For the uninitiated, let’s start at the beginning:

What’s a beacon?

Beacons are small devices (about the size of an egg) placed throughout the store that transmit signals—like a radio antennae—via Bluetooth. The beacon’s signals can be detected by smartphone apps. In our case, the Target iPhone app receives the signal and, when you’re opted in, delivers content.

How do I get started?

First, you must download or update to the latest version of the Target iPhone app (version 7.4 or higher) and enable Bluetooth in your phone’s settings.

When you’re located near one of the 50 test stores—in Chicago, Denver, Minneapolis, New York City, Pittsburgh, Portland, San Francisco and Seattle – you will be prompted to “opt in” to share your location and receive push notifications. (Don’t worry about being overwhelmed with pop-ups—we’re going to limit the amount you receive to two per shopping trip, and we’ll make sure the alerts and in-app updates provide compelling content and offers.)

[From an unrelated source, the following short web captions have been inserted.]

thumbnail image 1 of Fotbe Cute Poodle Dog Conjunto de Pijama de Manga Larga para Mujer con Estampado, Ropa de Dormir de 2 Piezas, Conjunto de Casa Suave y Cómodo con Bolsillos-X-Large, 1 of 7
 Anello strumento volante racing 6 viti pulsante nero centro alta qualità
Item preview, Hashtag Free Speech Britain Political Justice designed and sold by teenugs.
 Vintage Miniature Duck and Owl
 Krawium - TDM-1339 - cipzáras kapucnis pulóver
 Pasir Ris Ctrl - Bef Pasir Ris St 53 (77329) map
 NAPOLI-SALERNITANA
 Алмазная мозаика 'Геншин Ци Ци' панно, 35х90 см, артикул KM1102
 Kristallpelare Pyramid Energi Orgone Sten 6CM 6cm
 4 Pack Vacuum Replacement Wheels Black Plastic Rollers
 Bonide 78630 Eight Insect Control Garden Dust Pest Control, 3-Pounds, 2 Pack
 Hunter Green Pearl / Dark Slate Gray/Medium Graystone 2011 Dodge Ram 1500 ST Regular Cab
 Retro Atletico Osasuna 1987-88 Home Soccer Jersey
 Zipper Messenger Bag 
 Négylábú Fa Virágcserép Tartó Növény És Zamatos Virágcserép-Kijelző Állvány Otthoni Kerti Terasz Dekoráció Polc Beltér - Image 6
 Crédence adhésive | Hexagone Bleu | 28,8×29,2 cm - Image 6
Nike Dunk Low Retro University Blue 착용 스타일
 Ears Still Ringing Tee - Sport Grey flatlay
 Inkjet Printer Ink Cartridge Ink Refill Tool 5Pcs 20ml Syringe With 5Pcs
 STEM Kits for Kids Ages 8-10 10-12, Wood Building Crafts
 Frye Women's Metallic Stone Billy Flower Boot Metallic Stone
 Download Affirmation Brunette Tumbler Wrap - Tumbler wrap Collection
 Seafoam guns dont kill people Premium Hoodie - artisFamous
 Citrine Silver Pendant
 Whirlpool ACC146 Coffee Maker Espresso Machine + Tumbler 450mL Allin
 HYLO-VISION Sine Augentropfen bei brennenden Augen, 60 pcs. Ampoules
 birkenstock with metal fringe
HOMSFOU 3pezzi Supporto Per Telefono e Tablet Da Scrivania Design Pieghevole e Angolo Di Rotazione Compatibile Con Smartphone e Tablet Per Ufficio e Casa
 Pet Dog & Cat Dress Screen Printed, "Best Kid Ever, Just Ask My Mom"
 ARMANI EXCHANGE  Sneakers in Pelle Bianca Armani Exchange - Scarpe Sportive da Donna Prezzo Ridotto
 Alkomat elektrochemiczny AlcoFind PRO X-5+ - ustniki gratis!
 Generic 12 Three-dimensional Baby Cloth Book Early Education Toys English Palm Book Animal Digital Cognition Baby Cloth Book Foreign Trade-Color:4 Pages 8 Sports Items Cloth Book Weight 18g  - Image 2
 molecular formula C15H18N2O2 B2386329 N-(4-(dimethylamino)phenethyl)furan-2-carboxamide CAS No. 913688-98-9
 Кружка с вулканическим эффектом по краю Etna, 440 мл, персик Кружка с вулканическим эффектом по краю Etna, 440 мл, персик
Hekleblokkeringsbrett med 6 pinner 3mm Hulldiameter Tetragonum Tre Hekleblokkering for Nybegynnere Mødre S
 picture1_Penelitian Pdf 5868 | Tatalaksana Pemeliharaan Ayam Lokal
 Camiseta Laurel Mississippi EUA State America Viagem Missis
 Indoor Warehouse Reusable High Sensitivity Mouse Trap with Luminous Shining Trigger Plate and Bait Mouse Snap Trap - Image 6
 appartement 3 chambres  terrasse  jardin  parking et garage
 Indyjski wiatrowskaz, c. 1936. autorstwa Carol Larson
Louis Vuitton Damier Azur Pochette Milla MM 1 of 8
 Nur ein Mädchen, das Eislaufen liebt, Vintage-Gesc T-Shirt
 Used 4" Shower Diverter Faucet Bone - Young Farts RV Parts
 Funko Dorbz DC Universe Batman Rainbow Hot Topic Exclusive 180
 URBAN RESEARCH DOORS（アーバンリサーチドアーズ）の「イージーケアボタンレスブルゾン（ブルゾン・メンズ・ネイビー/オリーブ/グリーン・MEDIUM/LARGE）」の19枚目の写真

What can I expect when using this technology?

Let’s say you’re shopping in the Baby department. Once you opt in to this new technology, product recommendations from BabyCenter may pop up on your iPhone (via push notifications or in-app updates) on the Target app’s “Target Run” home page. The “Target Run” page is like a social media site’s newsfeed, so the latest content—i.e. product recommendations or coupons based on your location—is added on top of the page.

What does this look like? Let’s say you’re browsing women’s apparel. You might get an alert about nearby items that are trending on Pinterest. As you move over to get your groceries, and you may see the “Target Run” page updated with a department-wide offer or a Cartwheel deal for items like Archer Farms Organic milk or Market Pantry cheese.

What’s next?

We’re already working to develop additional features for future release, including the ability to dynamically re-sort your shopping list as you move through the store, like how smartphone maps re-route when you veer off course.

We’re also planning to launch a service in the Target app where you can request the help of a store team member right from your phone. Think of it this way: Beacons + Target app = Red-and-Khaki to the Rescue.

Based on results and the guest feedback we receive from the 50-store test, we’ll continue to enhance and adapt the service, which isn’t currently available for Android devices. (Rest assured Droid lovers: We’re working on that, too!) We also plan to expand the service to more stores later this year.